Whatever the answer, peace was not likely to descend suddenly on the troubled U.S. industrial front. Beyond wages, there were other reasons for striking. One of them had tied up 242 ships in New York's harbor, another had closed nearly half the nation's bituminous coal mines, and a third was still stirring up bitter battles in Hollywood.

The Road? The plain citizen watched these and other uproars on the labor scene with helpless anger and dismay. Was this the road to reconversion, 60,000,000 jobs and all the other fine promises of peace?

Labor's attitude seemed to be: "The public be damned; let's get ours." Management, long since disarmed in labor strife, stood by, waiting for Government to do something. Government was almost as helpless; it had no firm policy and no means of stopping strikes, except plant seizures; it would lose even that inconclusive weapon six months after the official end of World War II was proclaimed.
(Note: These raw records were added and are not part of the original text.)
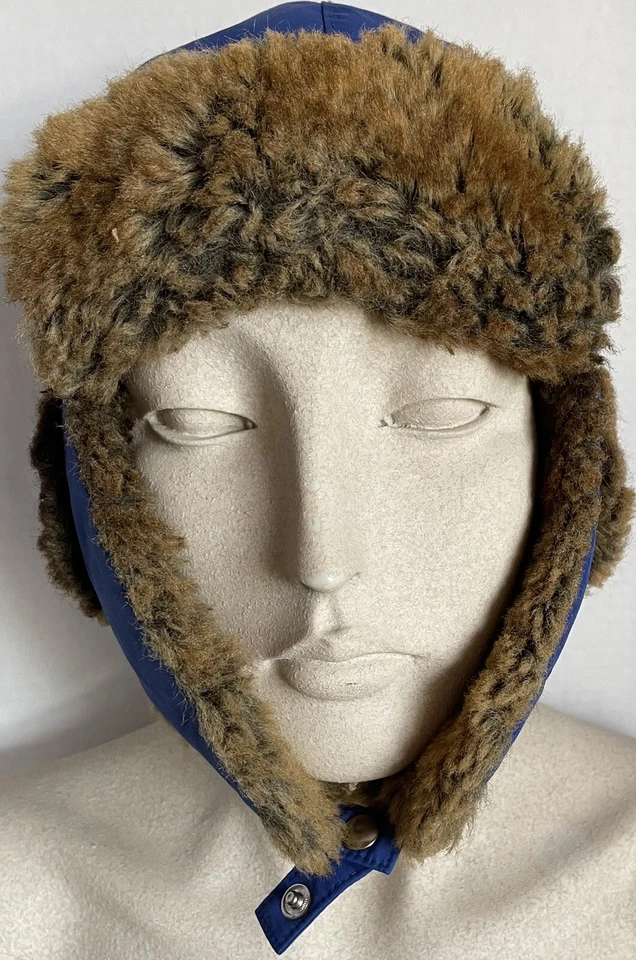 Sombrero Lands End Primaloft Grande Azul Imitación Piel Forro Acolchado Orejeras Niños Unisex Foto 2 de 4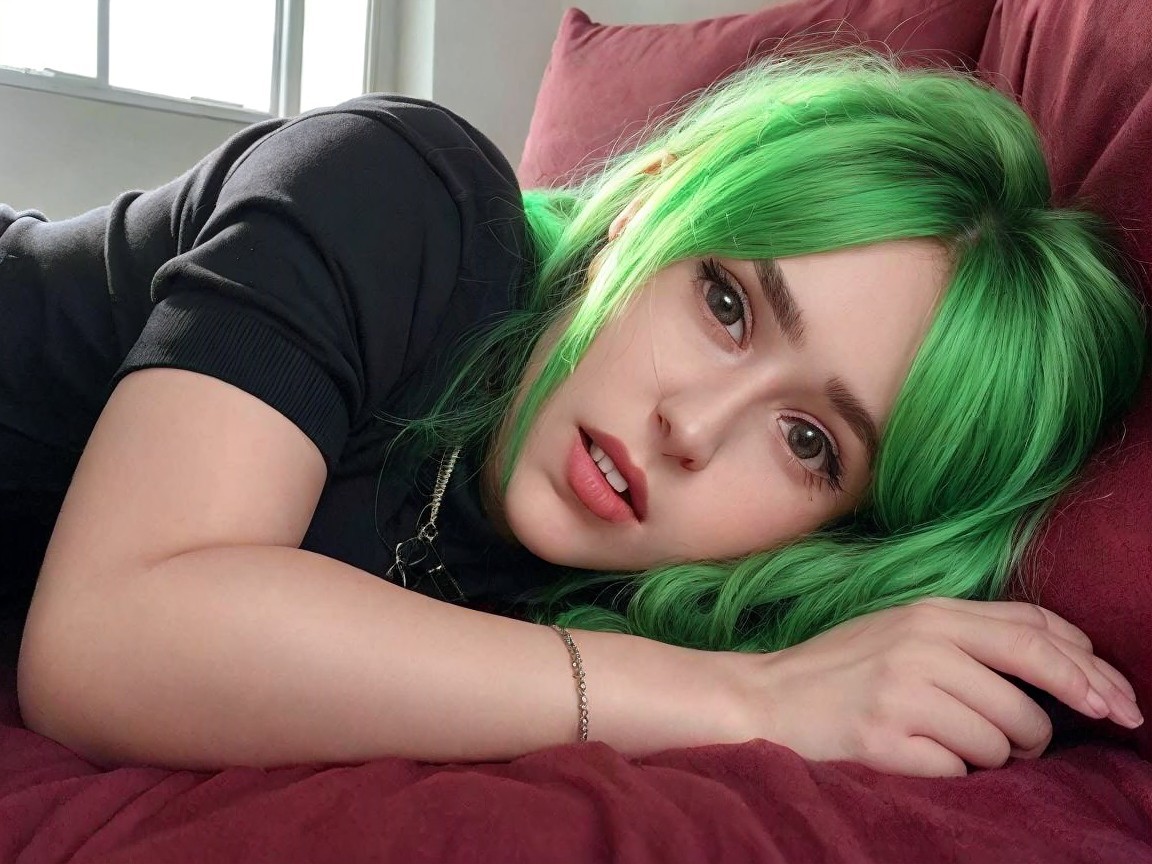 Vibrant Green Hair and Burgundy Couch Scene Description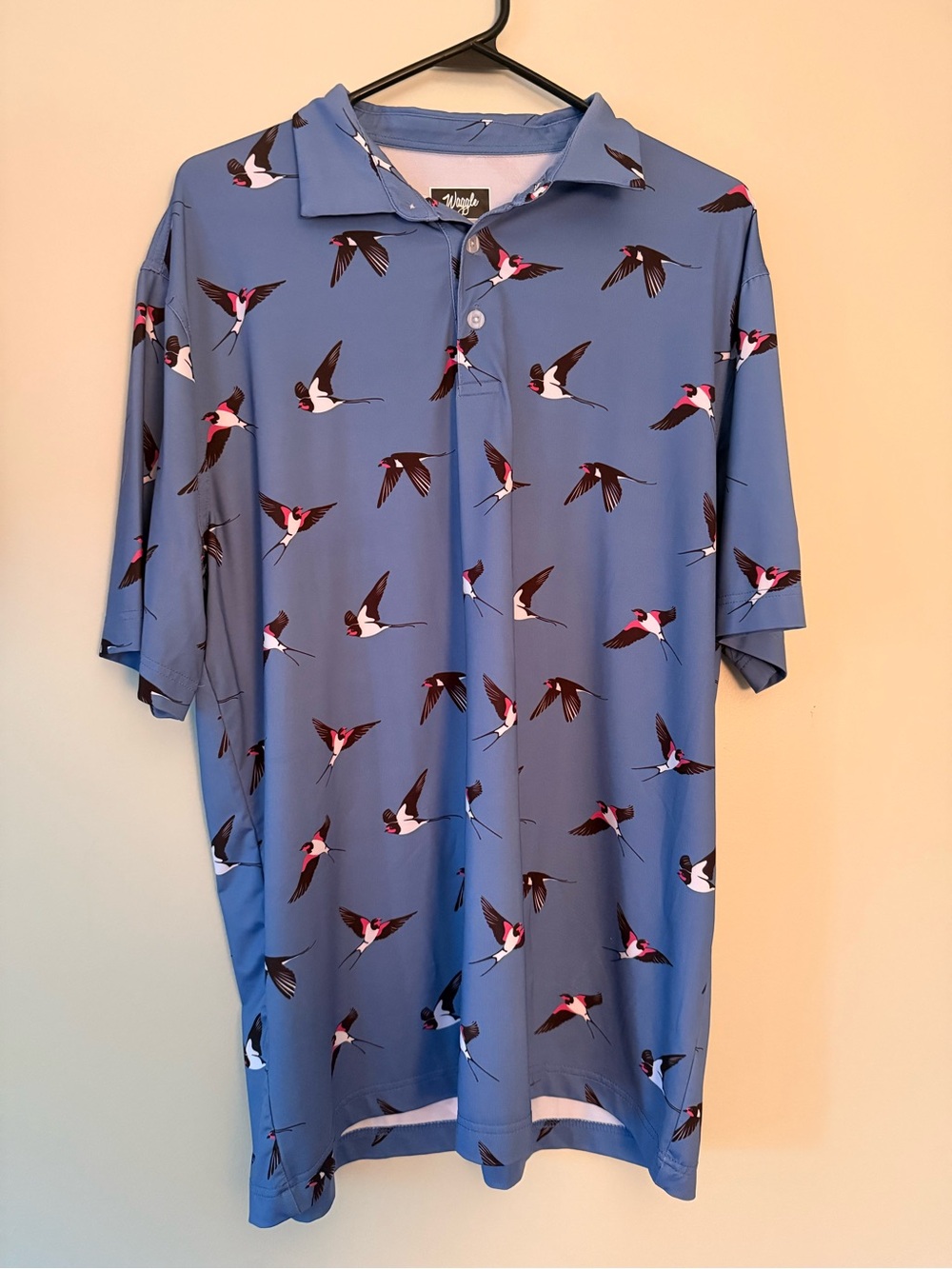 Blue Short-Sleeve Polo with Swallow Print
This week the public was still taking it--and not liking it. Long accustomed to labor's getting its own way, it waited for the Government to add up the bill and present the check. Not so the soldier. Angered before by strikes in wartime, he boiled over again at the longshoremen's strike, which was slowing down his return home. This week the New York Times printed soldiers' bitter letters on Page One. Typical excerpt:

"If labor unions believe they are doing something for their cause they are certainly mistaken. . . . They are losing a prestige among 6,000,000 troops which took years to build up."

*For a comment on Mr. Wallace's hair, see PEOPLE.